By Hu Xuan (China Daily)
Updated: 2007-09-23 22:37

Japan's ruling party yesterday picked Yasuo Fukuda, an advocate of warmer ties with Asian neighbors, to be the next prime minister.

The Liberal Democratic Party (LDP) rallied behind Fukuda, who is seen as a competent moderate, hoping he can bring stability and stave off calls for an early election after a year of scandals that ended in the sudden resignation of Shinzo Abe.

The new party leader will be chosen prime minister tomorrow by virtue of the ruling camp's huge majority in parliament's lower house, but he will face a feisty opposition that won control of the upper house in a July election and can now delay legislation.

Analysts in China said it was no surprise that Fukuda won the backing of his party, defeating his rival — LDP Secretary General Taro Aso.

“Fukuda won the backing of the LDP's main factions.
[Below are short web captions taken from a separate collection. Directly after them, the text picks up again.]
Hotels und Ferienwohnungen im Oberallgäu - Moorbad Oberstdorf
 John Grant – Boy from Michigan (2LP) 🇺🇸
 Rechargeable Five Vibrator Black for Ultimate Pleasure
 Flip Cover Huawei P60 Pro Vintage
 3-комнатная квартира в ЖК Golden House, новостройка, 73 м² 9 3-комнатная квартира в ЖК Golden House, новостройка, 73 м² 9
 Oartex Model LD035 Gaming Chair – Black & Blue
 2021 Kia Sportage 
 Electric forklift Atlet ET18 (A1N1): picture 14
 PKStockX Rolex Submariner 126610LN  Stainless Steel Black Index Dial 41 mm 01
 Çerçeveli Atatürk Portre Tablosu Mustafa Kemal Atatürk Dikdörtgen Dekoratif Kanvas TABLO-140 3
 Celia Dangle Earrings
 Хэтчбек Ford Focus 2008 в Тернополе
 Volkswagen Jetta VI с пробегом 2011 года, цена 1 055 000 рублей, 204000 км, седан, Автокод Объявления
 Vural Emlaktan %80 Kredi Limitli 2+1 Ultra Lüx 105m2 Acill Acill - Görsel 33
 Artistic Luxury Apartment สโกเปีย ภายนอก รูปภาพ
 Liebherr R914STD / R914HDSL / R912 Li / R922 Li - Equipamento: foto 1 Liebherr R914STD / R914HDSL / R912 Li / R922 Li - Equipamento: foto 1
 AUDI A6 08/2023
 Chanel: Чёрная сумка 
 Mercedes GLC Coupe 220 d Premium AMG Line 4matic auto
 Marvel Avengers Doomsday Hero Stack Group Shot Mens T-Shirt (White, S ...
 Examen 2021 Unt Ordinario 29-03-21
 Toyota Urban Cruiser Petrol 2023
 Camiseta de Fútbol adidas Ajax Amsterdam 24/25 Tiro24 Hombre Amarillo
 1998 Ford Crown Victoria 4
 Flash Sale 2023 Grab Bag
Japan's public also hail him for vowing to boost public confidence in politics by making Japan a society with hope and security,” said Jin Xide, deputy director of the Institute of Japanese Studies at the Chinese Academy of Social Sciences.

The 71-year-old veteran politician and moderate conservative may be just what Japan needs to revive the LDP and fill a political vacuum left by Abe, Jin said.

Fukuda served in the pivotal post of chief cabinet secretary in the Yoshiro Mori and Koizumi administrations with a combined tenure of three and a half years, the longest in the post.

“His world-view is profoundly influenced by his father, the late premier Takeo Fukuda, the creator of the 'Fukuda Doctrine,' which dedicated Japan to peace in Asia and greater economic and diplomatic cooperation with its neighbors,” said Liu Jiangyong, an expert at the Institute of International Studies under Tsinghua University.

“While valuing Japan's alliance with the United States, he also stresses the country's ties with its Asian neighbors,” said Liu.

“He has indicated that he is willing to more deeply engage Pyongyang in the Korean Peninsula nuclear issue as well as the abduction issue.”

Fukuda has said he will stay away from the Yasukuni Shrine where top war criminals are honored together with other war dead.

He favors a new, secular memorial where both civilian and military war dead are honored, Liu added.

His mounting task will be to push the extension of Japan's refueling mission in the Indian Ocean for US-led operations through parliament, where the opposition majority in the upper house has vowed to kill the legislation, according to experts.